**DIRECTIONS**. The entries must be set down again word for word; no pictures belong in the copy.

**Captioned web image data**.
##########
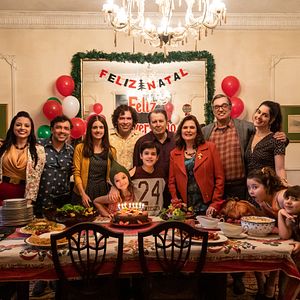 Foto Tudo Bem no Natal que Vem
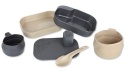 Zestaw biwakowy Camp-A-Box Complete - Desert - Wildo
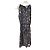 DIANE VON FURSTENBERG Kleider T.FR 36 Polyester Schwarz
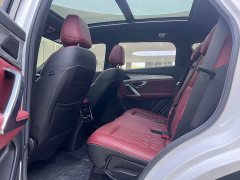 Jetour Jietu X70 PLUS 2023 1.5T DCT Brave PLUS 7-Seater - ფოტო 14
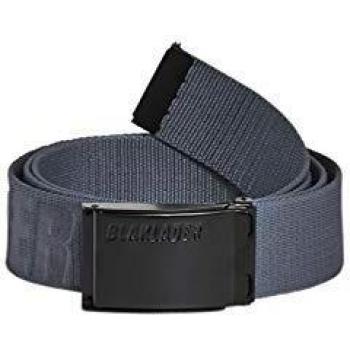 High Visibility Grey Blaklader Workwear Belt, One Size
##########
**TASK ANSWER**.
 Foto Tudo Bem no Natal que Vem
 Zestaw biwakowy Camp-A-Box Complete - Desert - Wildo
 DIANE VON FURSTENBERG Kleider T.FR 36 Polyester Schwarz
 Jetour Jietu X70 PLUS 2023 1.5T DCT Brave PLUS 7-Seater - ფოტო 14
 High Visibility Grey Blaklader Workwear Belt, One Size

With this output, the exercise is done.